Problem statement: Transcribe exactly, leaving out pictures, the lines from the one that holds "Carlos Mazón, en" through the end of the data below, including both end lines and no others.

(Scraped caption text data)
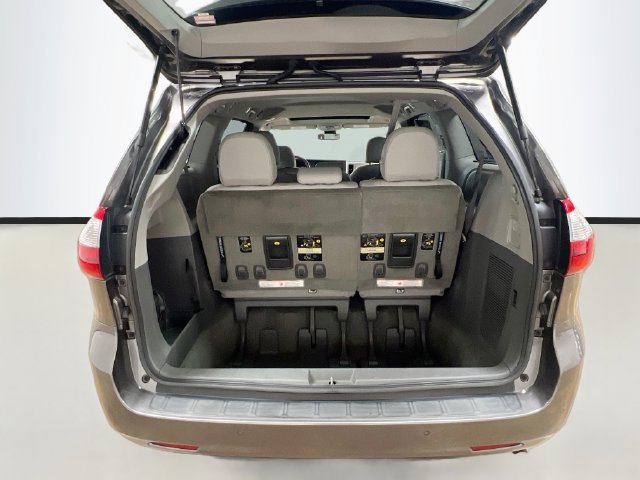 Used 2018 Toyota Sienna XLE w/ XLE Navigation Package FWD image 28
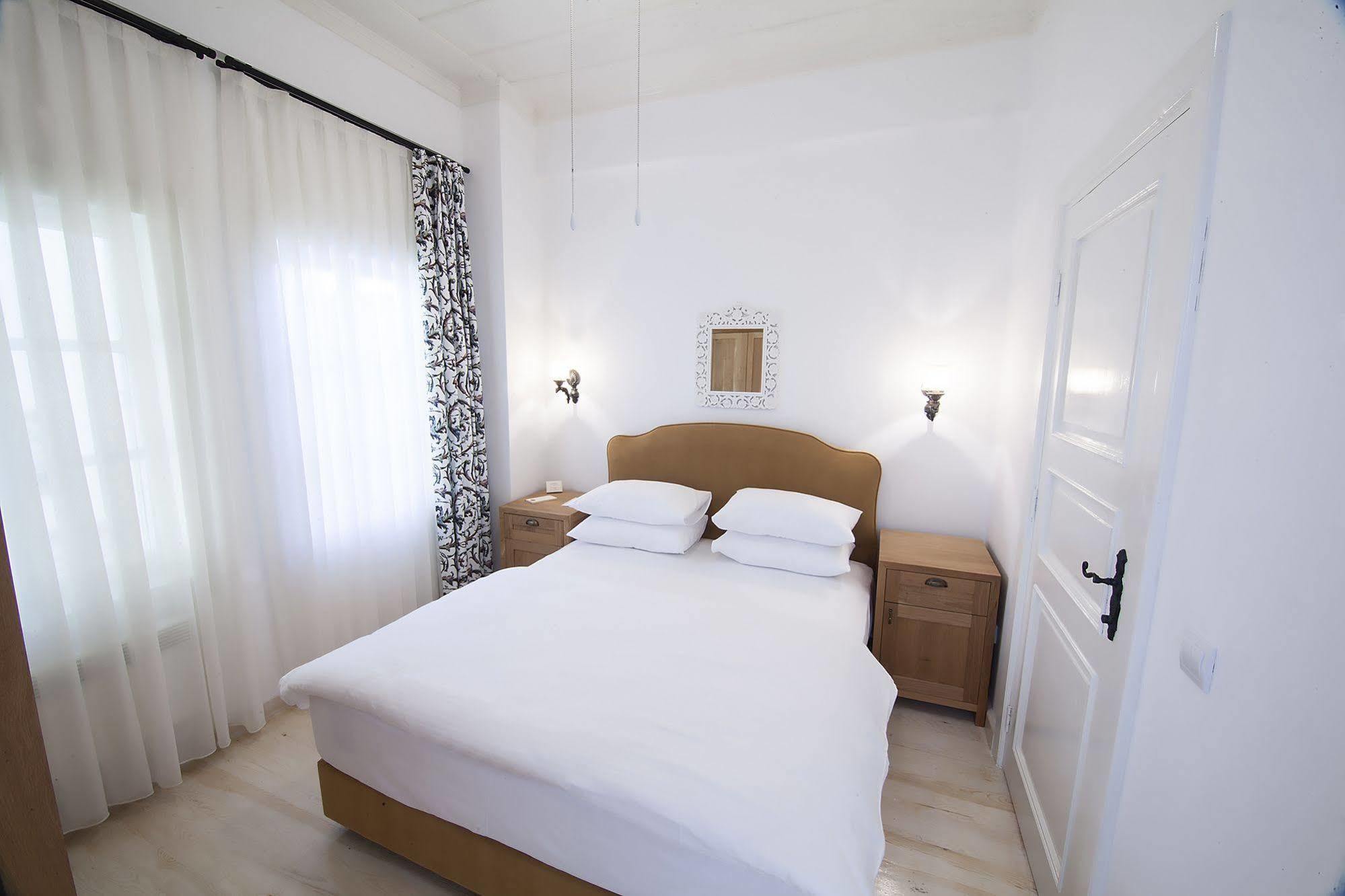 Quarante Hotel - Adult Only Bozcaada Island Exterior foto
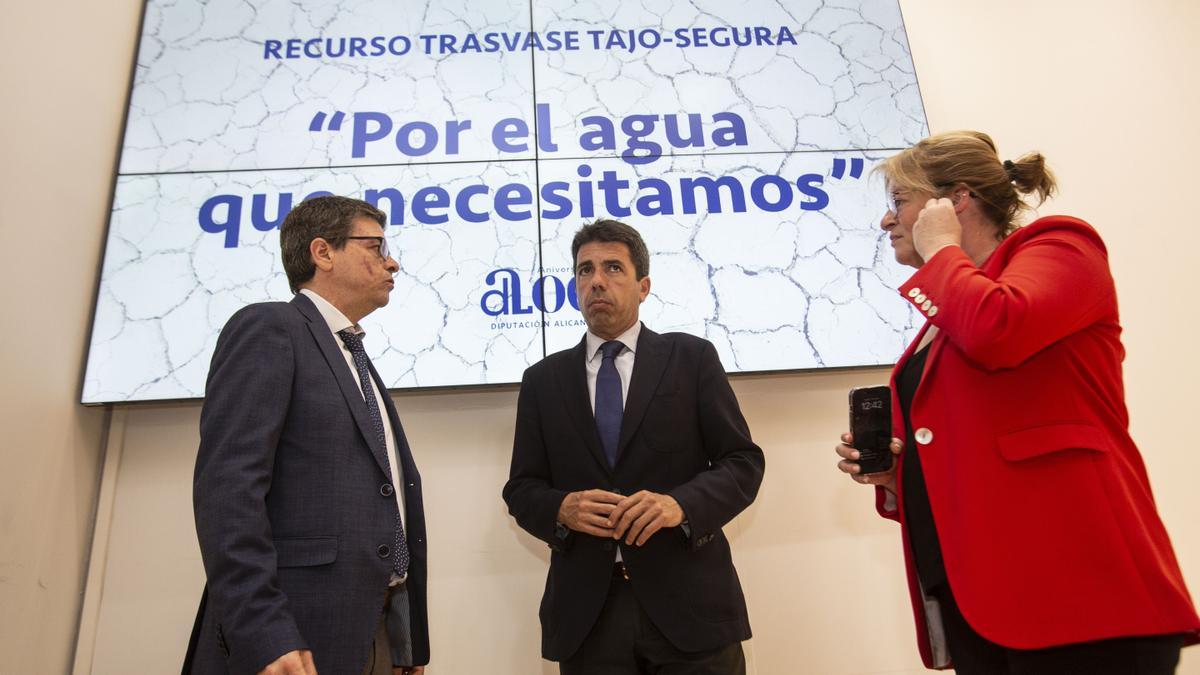 Carlos Mazón, en el centro de la imagen, el día que se presentó el recurso al trasvase cuando estaba al frente de la Diputación.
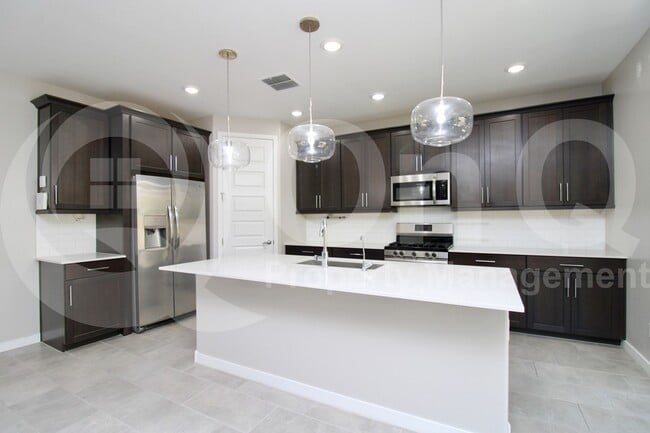 Building Photo - 1026 E Weatherby Way
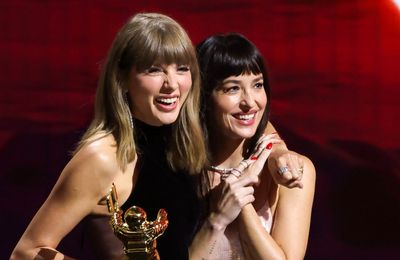 Taylor Swift makes surprise Saturday Night Live appearance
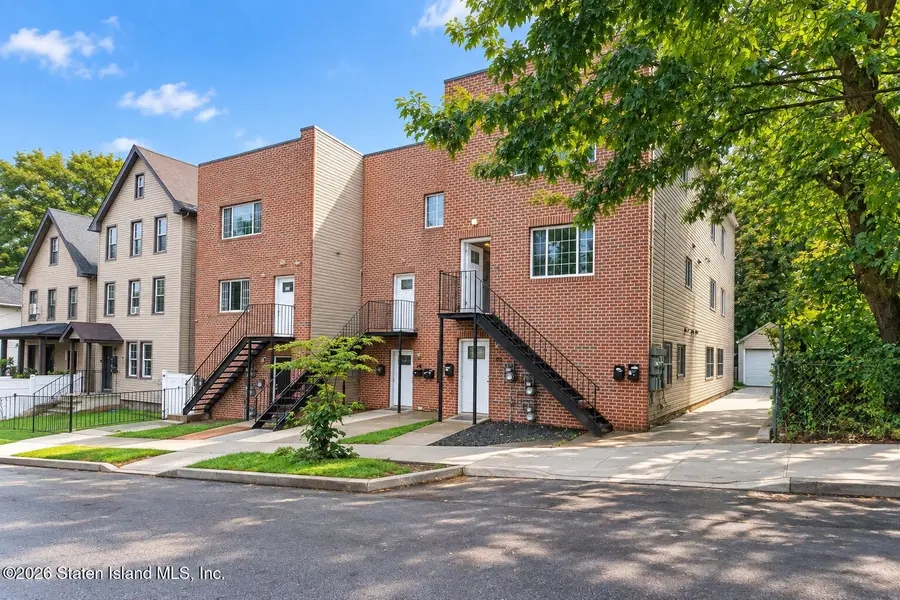 88 Layton Avenue, Staten Island, NY 10301 - #3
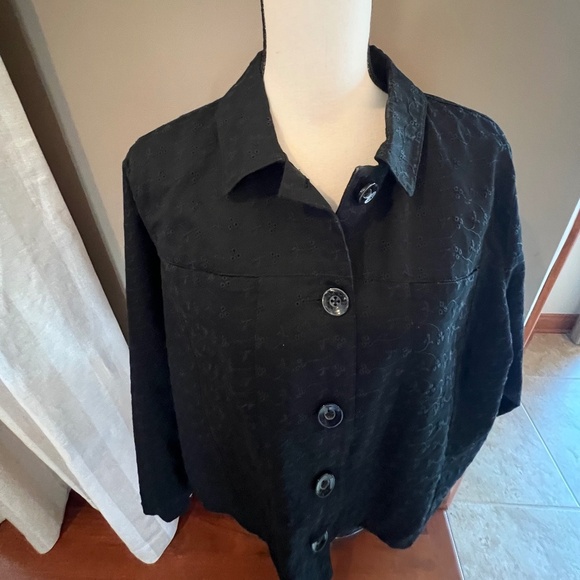 Woman's Studio Works Black Eyelet Cotton Line Button Up Jacket, Size 2X - Picture 2 of 13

Task result:
 Carlos Mazón, en el centro de la imagen, el día que se presentó el recurso al trasvase cuando estaba al frente de la Diputación.
 Building Photo - 1026 E Weatherby Way
 Taylor Swift makes surprise Saturday Night Live appearance
 88 Layton Avenue, Staten Island, NY 10301 - #3
 Woman's Studio Works Black Eyelet Cotton Line Button Up Jacket, Size 2X - Picture 2 of 13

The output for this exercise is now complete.